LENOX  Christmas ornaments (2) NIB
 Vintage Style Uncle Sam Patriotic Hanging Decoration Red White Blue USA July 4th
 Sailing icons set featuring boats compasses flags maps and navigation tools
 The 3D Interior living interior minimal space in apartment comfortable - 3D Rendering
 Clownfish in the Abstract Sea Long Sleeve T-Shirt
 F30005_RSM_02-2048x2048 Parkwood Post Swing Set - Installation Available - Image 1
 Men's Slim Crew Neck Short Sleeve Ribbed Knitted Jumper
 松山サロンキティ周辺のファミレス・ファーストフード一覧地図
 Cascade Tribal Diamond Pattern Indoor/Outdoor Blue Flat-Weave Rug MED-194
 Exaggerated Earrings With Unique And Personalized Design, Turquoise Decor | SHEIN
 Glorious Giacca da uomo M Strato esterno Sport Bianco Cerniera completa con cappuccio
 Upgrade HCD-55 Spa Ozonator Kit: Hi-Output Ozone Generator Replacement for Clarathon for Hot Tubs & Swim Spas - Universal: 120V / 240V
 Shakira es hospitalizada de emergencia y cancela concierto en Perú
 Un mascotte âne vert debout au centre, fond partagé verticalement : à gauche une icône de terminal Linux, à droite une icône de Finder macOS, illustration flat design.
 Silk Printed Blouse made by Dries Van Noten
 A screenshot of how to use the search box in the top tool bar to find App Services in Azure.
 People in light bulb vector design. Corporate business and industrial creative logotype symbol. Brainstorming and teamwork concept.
*****
Task prompt:
Only an exact copy of the data above will do.

Exercise result:
LENOX  Christmas ornaments (2) NIB
 Vintage Style Uncle Sam Patriotic Hanging Decoration Red White Blue USA July 4th
 Sailing icons set featuring boats compasses flags maps and navigation tools
 The 3D Interior living interior minimal space in apartment comfortable - 3D Rendering
 Clownfish in the Abstract Sea Long Sleeve T-Shirt
 F30005_RSM_02-2048x2048 Parkwood Post Swing Set - Installation Available - Image 1
 Men's Slim Crew Neck Short Sleeve Ribbed Knitted Jumper
 松山サロンキティ周辺のファミレス・ファーストフード一覧地図
 Cascade Tribal Diamond Pattern Indoor/Outdoor Blue Flat-Weave Rug MED-194
 Exaggerated Earrings With Unique And Personalized Design, Turquoise Decor | SHEIN
 Glorious Giacca da uomo M Strato esterno Sport Bianco Cerniera completa con cappuccio
 Upgrade HCD-55 Spa Ozonator Kit: Hi-Output Ozone Generator Replacement for Clarathon for Hot Tubs & Swim Spas - Universal: 120V / 240V
 Shakira es hospitalizada de emergencia y cancela concierto en Perú
 Un mascotte âne vert debout au centre, fond partagé verticalement : à gauche une icône de terminal Linux, à droite une icône de Finder macOS, illustration flat design.
 Silk Printed Blouse made by Dries Van Noten
 A screenshot of how to use the search box in the top tool bar to find App Services in Azure.
 People in light bulb vector design. Corporate business and industrial creative logotype symbol. Brainstorming and teamwork concept.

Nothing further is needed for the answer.